■ WHAT THIS TASK INVOLVES
Once the line with "KIT DE DISTRIBUCION 1.2T" has been located in the records below, set down that line and all subsequent lines exactly, omitting the pictures.

(Records from a dataset)
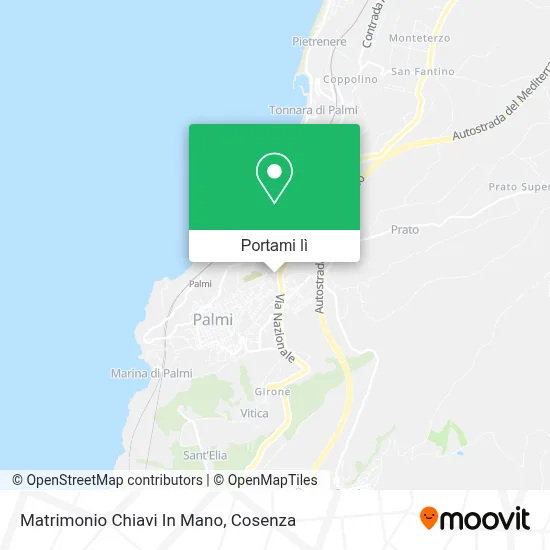Mappa Matrimonio Chiavi In Mano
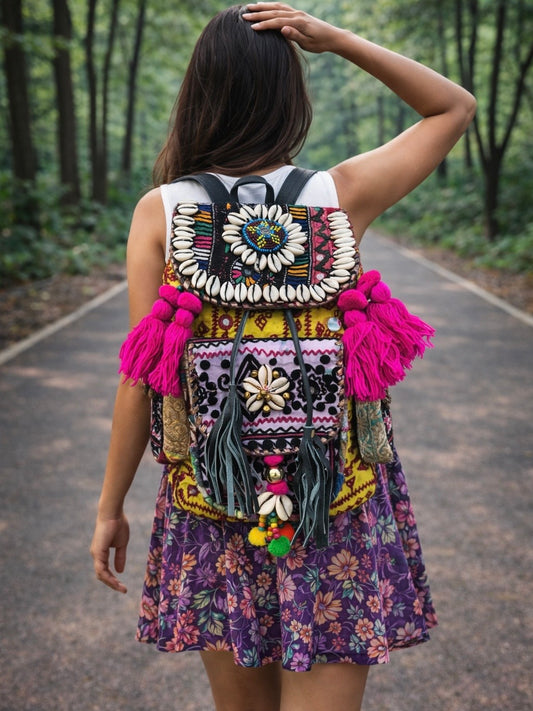 Zoya Vintage Backpack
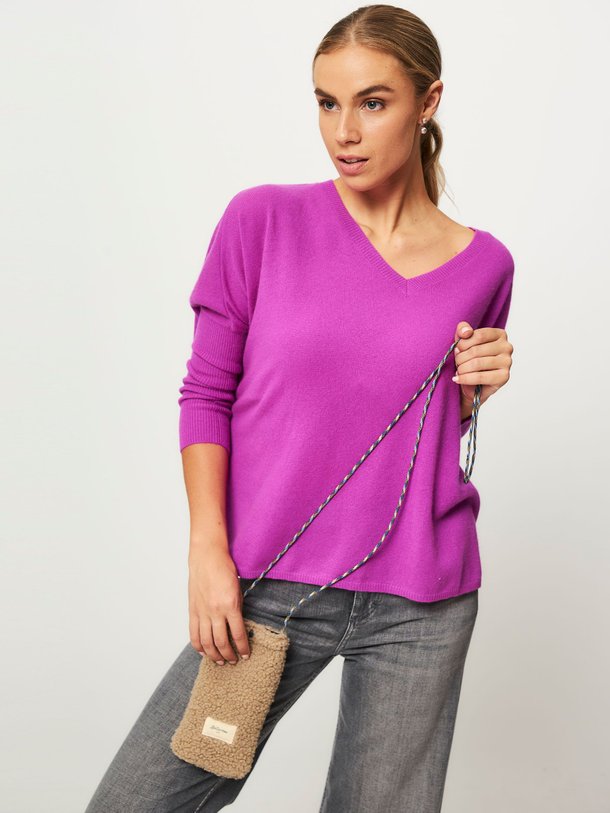 Geweven track broek met bies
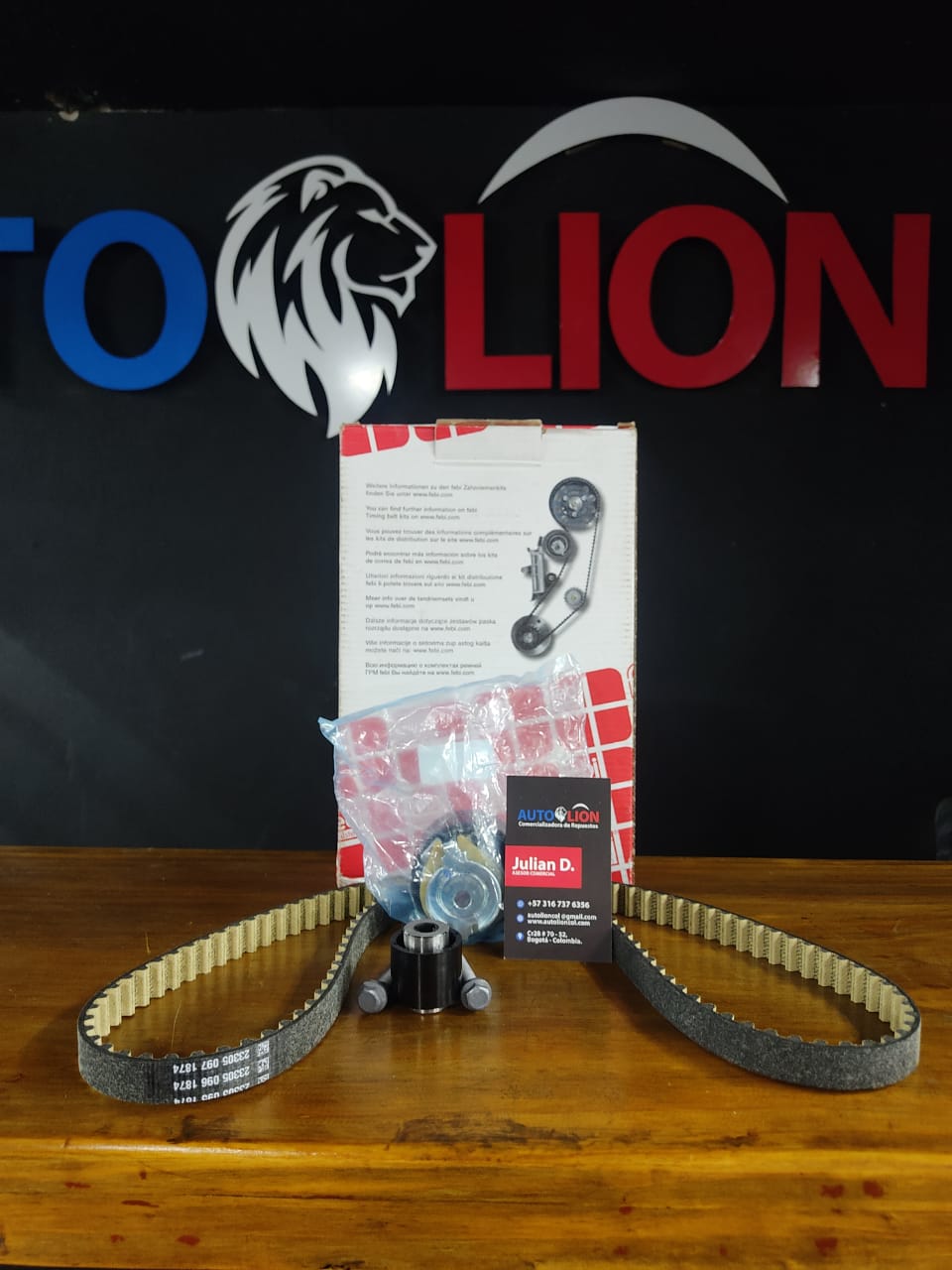 KIT DE DISTRIBUCION 1.2T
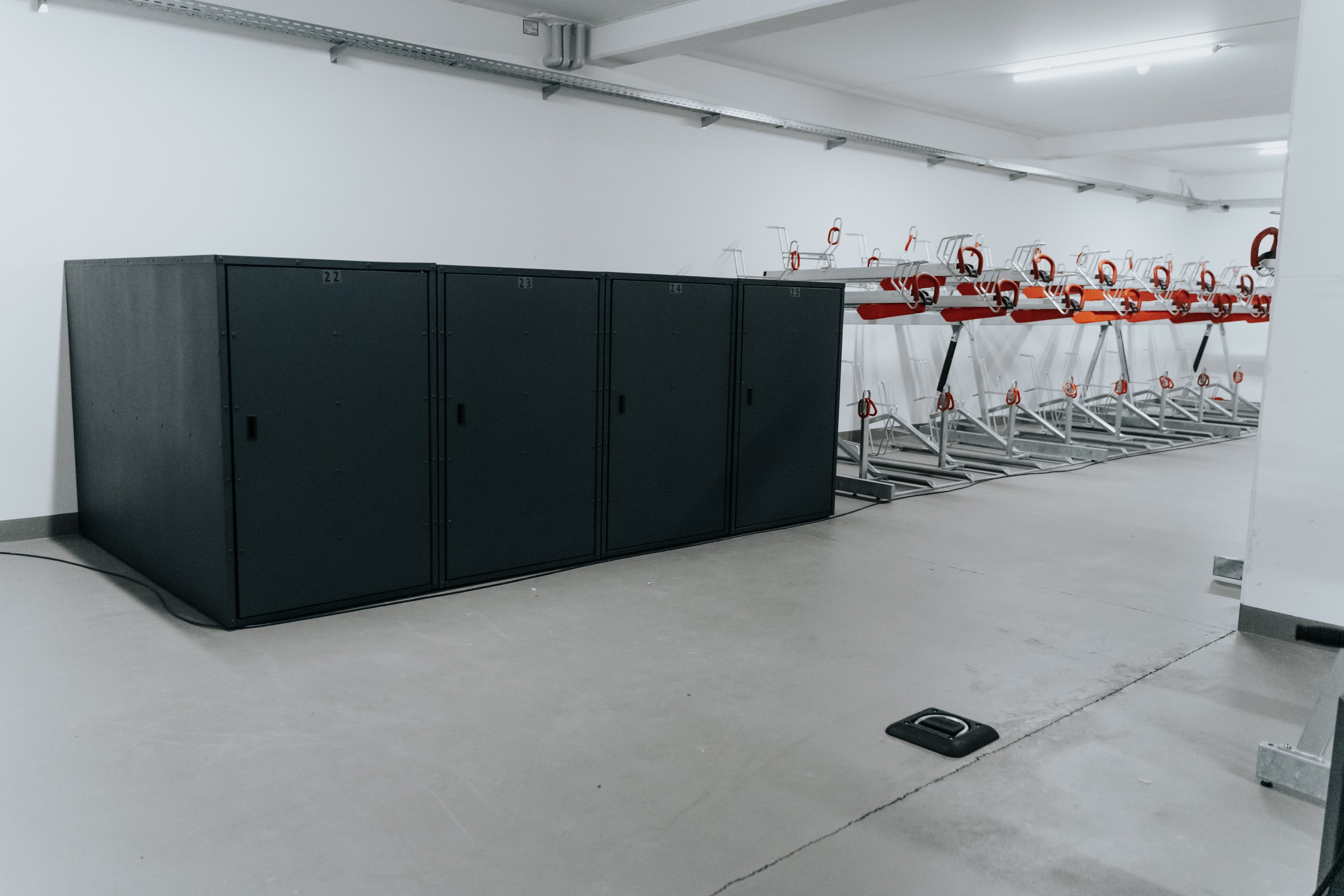 Fahrrad-Station Konrad-Adenauer-Allee Fahrradboxen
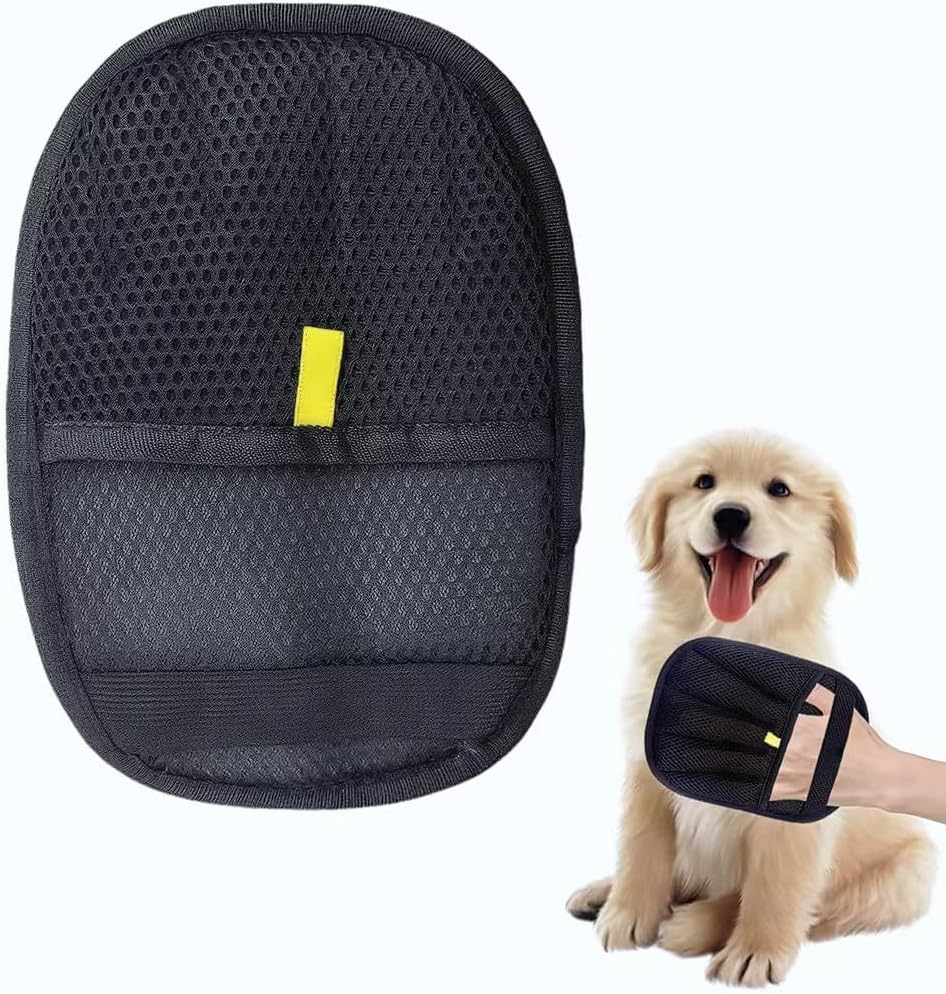 ALLY-MAGIC E25-WZCWCMST Pet Hair Remover Glove for Dogs and Cats image number 1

■ REPLY
 KIT DE DISTRIBUCION 1.2T
 Fahrrad-Station Konrad-Adenauer-Allee Fahrradboxen
 ALLY-MAGIC E25-WZCWCMST Pet Hair Remover Glove for Dogs and Cats image number 1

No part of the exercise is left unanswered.